I’m a fan of careful crop planning, and I acknowledge that doing it efficiently is important. There is definitely such a thing as “over-planning.” I think experience teaches us what we need planned and what we don’t. When the same people grow the same crops on the same farm year after year, lots can be taken as decided. When we have built fertile soil and there are no new plagues, we can get away with minimal crop rotation. At Clay Bottom Farm (in Indiana), Ben, Rachel and their crew are earning their living from less than one acre, growing and selling specialty produce to restaurants, farmers markets, and through their CSA. They grow a lot of salad greens and tomatoes, along with some root crops, peppers, eggplants, zucchini, and cucumbers. Sweet corn, beans, peas, and winter storage crops don’t feature much or at all. They have found the crop mix that works for their customers (that is one of the 5 Lean Principles).
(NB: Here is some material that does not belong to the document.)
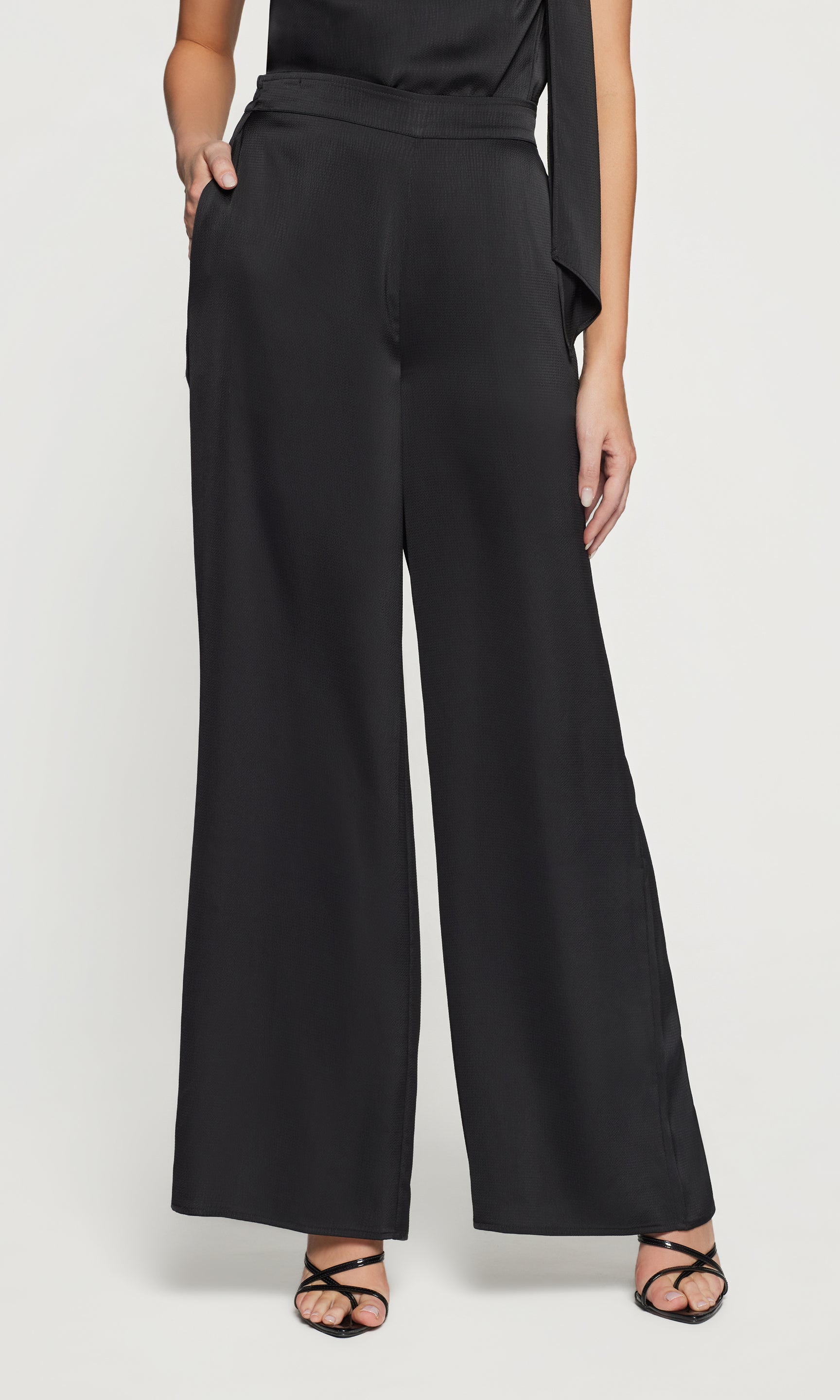 Black wide-leg pants worn by a person on a white background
The situation in our gardens seems more complicated, but the point remains: streamline the planning, don’t over-work it.
The concept of load-levelling (heijunka) is valuable – look at the plan for the year and keep it manageable every month. Also, plan in a vacation for everyone. We try to stagger our vacations (i.e., taking turns) so that there are always a few people who can run things. We tried reducing the August workload, moving one big task to September, and taking a few weeks off from lettuce production. Ending our watermelon harvests at the end of August and our winter squash at the end of September were helpful in keeping fall work manageable. We’ve got better at “doing-in” plantings of beans, cucumbers, and summer squash if they are getting to be oppressive.
I was particularly excited to see instructions to build a seed germination cabinet à la Hartman. Like Ben, we use discarded refrigerators. Ours rely on incandescent light bulbs, which are a dwindling “resource.” Some would say “good riddance” but we are actually using the heat the bulbs generate, as well as the light. Ben’s clever design uses a pan of water heated by an electric element, on a thermostat. This could be our next germinator!
I’ve read about the Japanese paper pot transplanter before, and concluded it’s best for plants set out at 6″ spacing or less, and fairly large plantings of one thing. I’m intrigued – would love to try it, even though we do more direct sowing of close-planted crops than Ben does. I love the idea of a carefully-designed manual machine for transplanting, especially as my knees get older, and like squatting less. This chapter is worth the price of the book to anyone about to buy the transplanter. So many tips, including Ben’s Paper Pot Cheat Sheet. The direct-seeding chapter explains the Jang JP-1 seeder, and the same message applies about buying the book if you’re buying the seeder.
Weeds and pest control without muda – Yes, of course, focus on prevention, rather than managing. Ben gives 5 Steps to No Weeds. Yes, time saved there would pay for the price of the book too! Pests, Leaned Up is about Biological IPM: rowcovers, beneficial insects and biological sprays if needed.
The sales chapter looks at transportation logistics and sensible delivery vehicles. As Ben says, “Big vehicles, we learned, don’t by themselves lead to large sales.” Avoid over-production. Set up your market booth for smooth flow.
The case studies explore how Clay Bottom farmers decide which varieties to grow, where and when, and of course, how much. The case study crops are tomatoes, baby greens, kale, head lettuce and romaine, carrots, other bunched roots, and peppers. Here’s good information from someone who has paid exquisitely good attention to what works and what doesn’t.
The chapters on finding good land and setting up your farm in a well-organized, Lean way will save new farmers some costly (livelihood-threatening) mistakes, and help the rest of us think twice about why we store our tools where we do, and so on. The greenhouse chapter is brief, and yet full of gems about design.